Proponer como fin la búsqueda de la perfección humana y sobrenatural puede parecer un planteamiento antropocéntrico de la vida espiritual. Sin embargo este antropocentrismo no se opone al radical teocentrismo cristiano, sino que más bien es exigencia suya. Juan Pablo II ha situado esta idea en el núcleo del Concilio Vaticano II: "Mientras las diversas corrientes del pasado y presente del pensamiento humano, han sido y siguen siendo propensas a dividir e incluso a contraponer el teocentrismo y el antropocentrismo, la Iglesia en cambio, siguiendo a Cristo, trata de unirlos en la historia del hombre de manera orgánica y profunda. Éste es también uno de los principios fundamentales, y quizás el más importante, del Magisterio del último Concilio" 12. Nos parece que san Josemaría apunta a la raíz de esta cuestión cuando enseña a poner en la base del amor a Dios el sentido de la filiación divina en Cristo y por tanto la aspiración a la identificación con Él.
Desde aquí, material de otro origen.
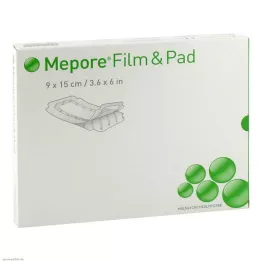MEPORE Bloco de filme 9x15 cm, 5 peças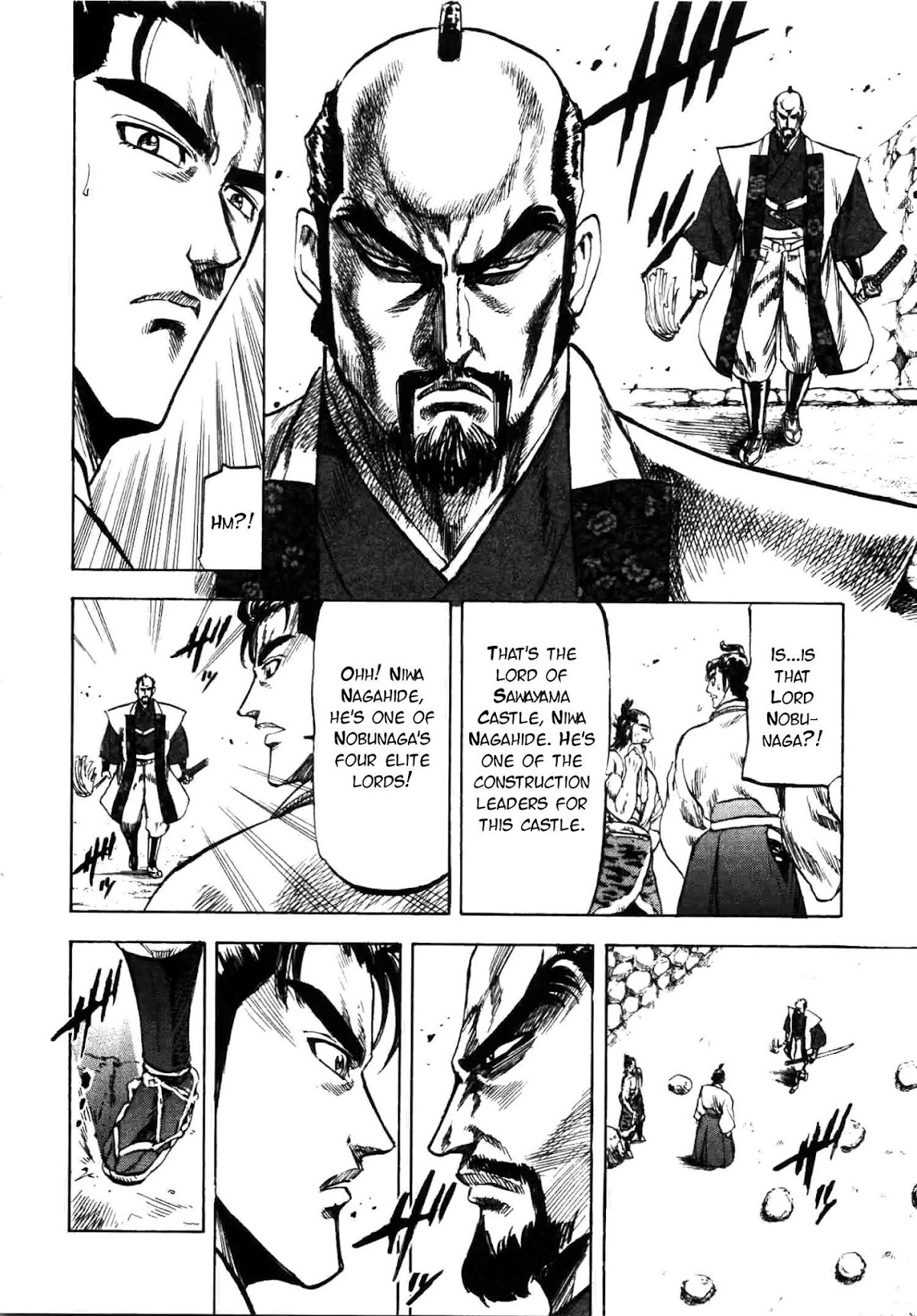 Gifuu Doudou!! Naoe Kanetsugu - Maeda Keiji Tsukigatari Chapter 5 page 17 - Chapter 5: The Demon, Nobunaga!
Señalemos, por último, la relación –a la que ya hemos aludido– de esta Parte II sobre el sujeto con los temas de la Parte III (sobre el camino de la vida cristiana). Ahora estudiaremos en qué consiste la identificación con Cristo, mientras que en la Parte III veremos cómo el cristiano tiende a ella en el transcurso de su vida terrena. Para un fiel corriente, su camino no es otro que el de la santificación del trabajo profesional y de las relaciones familiares y sociales (capítulo 7º); un camino que requiere esfuerzo, lucha interior contra el pecado y sus consecuencias (capítulo 8º); pero en el que cuenta con los medios de santificación y apostolado que le proporciona la Iglesia (capítulo 9º).